I turn to Larry and we go over and over this incident moment by moment and tune in to the emotions he was feeling then and how they reflect his overall feeling about Prue and their relationship. He says he feels “agitated” when she does not keep up with him on hikes. He notes she doesn’t take her arthritis medication consistently. “I get anxious when she does not stay with me. I can’t count on her.” He recalls the image of “distance” that flooded him when the train started to move off and Prue froze. “She wasn’t running, working to be with me,” he says. He felt panicked. Larry then begins to talk about his sense of isolation when Prue stayed with her aunt for three months and his habit of dismissing, or “pushing down,” this frequent feeling. Sometimes he can’t, though, and it rises up and engulfs him, and he winds up being angry and sarcastic. He begins weeping as he realizes just how much he needs her and is afraid that she will remain “unavailable.” The slide into the Pit begins with attachment terror.
For Prue, too, the terror that freezes her and turns her away from Larry is a hopeless certainty that she is flawed and worthless, so rejection is certain. As they recognize and find their balance in these emotional moments, they can see the drama of distress as it occurs in their everyday life and then help each other halt its momentum. They can limit the extent of the rift between them and find a secure base. The next night, Larry lashes out, and Prue responds, “Is this a panic moment for you? I am not going to freeze up here, and I want you to slow down.” Each partner begins to see the other in a new light: Prue sees Larry as afraid rather than judgmental and aggressive, and he sees her as protecting herself from rejection rather than simply abandoning him and “sulking.”

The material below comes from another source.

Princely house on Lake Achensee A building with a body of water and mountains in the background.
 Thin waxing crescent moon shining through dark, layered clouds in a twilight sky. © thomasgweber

Recent research by psychologist Shiri Cohen and her colleagues at Harvard Medical School confirms that partners do not suddenly have to become masters of empathy or emotional gymnasts in this kind of process. Partners, especially women, really respond to signs that their loved one is trying to tune in and actually cares about their feelings. This, in and of itself, creates a new safety zone where partners can begin to expand their dance steps and take risks with each other. New ways of dealing with emotion shape new steps in the dance, which in turn shape new chances for reattunement and repair. But this ability to keep miscues and missteps in check is not enough.
The second step in renewing bonds is much harder but more significant. This is when we move into powerful positive interactions and actually reach for each other. Specifically, withdrawn partners have to open up and engage on an emotional level, and blaming partners have to risk asking for what they need from a place of vulnerability. Partners have to tune in to the bonding channel and stay there. They find this process risky, but if they follow it through, their relationship becomes flooded with positive emotion and ascends to a whole new level. This process is not only a corrective move that kick-starts trust but also, for many, a transforming and liberating emotional experience.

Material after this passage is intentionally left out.